Leslie: First of all, thanks a lot for your comments and your interest in our work. On the first point, we want to emphasize two key features of our model. First, we consider a two-region model (consisting of the U.S. economy and a set of emerging economies), where these two regions are interlinked through both international trade and cross-border lending. Goods produced in the U.S. and those produced in emerging economies are imperfect substitutes. In this respect, from the emerging economies’ point of view, demand for their goods from the U.S. is not infinitely elastic – the volume of exports is determined jointly by demand and supply. Second, we assume dominant currency pricing. This means that export prices are set in dollars, and sticky in the short-term. For this reason, the expenditure-switching effect of currency depreciation is much weaker than in the classical Mundell-Fleming framework (which assumes producer currency pricing). On your second point, the risk premium is only partly determined exogenously. It is important to note that the risk premium also reacts endogenously to the state of private-sector balance sheet conditions in the domestic economy. A monetary policy tightening in response to a risk premium shock, to the extent that it pushes down economy-wide asset prices and asset valuations of private sector banks and firms, will cause a further increase in the risk premium in these economies. As we note in the text, for the typical borrowing firm a currency depreciation raises the value of just a fraction of its liabilities (since part, but not all, of the average firm’s debt is in dollars), but a monetary tightening adversely affects the value of all of its assets – thus still weakening its balance sheet, despite the presence of foreign-currency liabilities, and thereby prompting a further rise in the risk premium.
I find a couple of points at least counter-intuitive and possibly erroneous.
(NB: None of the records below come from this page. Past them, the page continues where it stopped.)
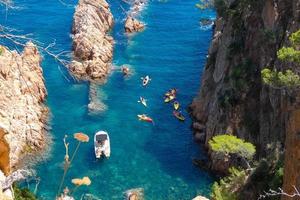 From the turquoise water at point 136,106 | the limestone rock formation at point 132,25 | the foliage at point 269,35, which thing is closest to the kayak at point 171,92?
the turquoise water at point 136,106

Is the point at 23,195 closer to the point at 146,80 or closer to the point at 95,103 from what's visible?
the point at 95,103

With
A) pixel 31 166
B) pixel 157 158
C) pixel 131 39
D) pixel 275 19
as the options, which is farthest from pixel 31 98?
pixel 275 19

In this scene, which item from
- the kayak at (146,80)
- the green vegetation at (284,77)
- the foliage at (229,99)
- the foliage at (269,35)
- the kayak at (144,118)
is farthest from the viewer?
the kayak at (146,80)

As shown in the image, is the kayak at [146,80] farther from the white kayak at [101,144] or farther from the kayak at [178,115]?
the white kayak at [101,144]

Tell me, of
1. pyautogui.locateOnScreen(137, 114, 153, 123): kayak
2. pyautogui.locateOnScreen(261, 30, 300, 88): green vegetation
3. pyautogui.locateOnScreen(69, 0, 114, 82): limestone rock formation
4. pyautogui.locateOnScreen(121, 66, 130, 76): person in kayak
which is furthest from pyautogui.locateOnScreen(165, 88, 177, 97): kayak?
pyautogui.locateOnScreen(261, 30, 300, 88): green vegetation

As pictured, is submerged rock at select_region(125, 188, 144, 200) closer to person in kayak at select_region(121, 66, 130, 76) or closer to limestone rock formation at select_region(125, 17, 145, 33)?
person in kayak at select_region(121, 66, 130, 76)

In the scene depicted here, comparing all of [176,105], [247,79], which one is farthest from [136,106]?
[247,79]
First, the sentence saying that since EM economies price exports in dollars a depreciation doesn’t help much on competitiveness. This shows a fundamental misunderstanding of the conventional small country model (and almost all countries are small countries insofar as they have little monopoly power). In this model all traded goods are priced in FX. Therefore the exports are determined by a supply curve–i.e., marginal cost–as demand is infinitely elastic. (Obviously imports are determined by a demand curve with supply infinitely elastic.) A depreciation helps exports by increasing profits in this sector as long as wages are sticky in local currency. There are many good arguments for the broad applicability of this model over any extended period, but you are in good company in getting it wrong. Second, if the shock to the system is a risk premium shock–either a currency risk premium or a default risk premium–then there are only two options: raise interest rates to reflect the change, or let the currency drop sufficiently to restore equilibrium. Your easy money solution will mean the latter. Great if debt is in local currency. A disaster if it is in dollars or euro–the quintessential fear-of-floating case.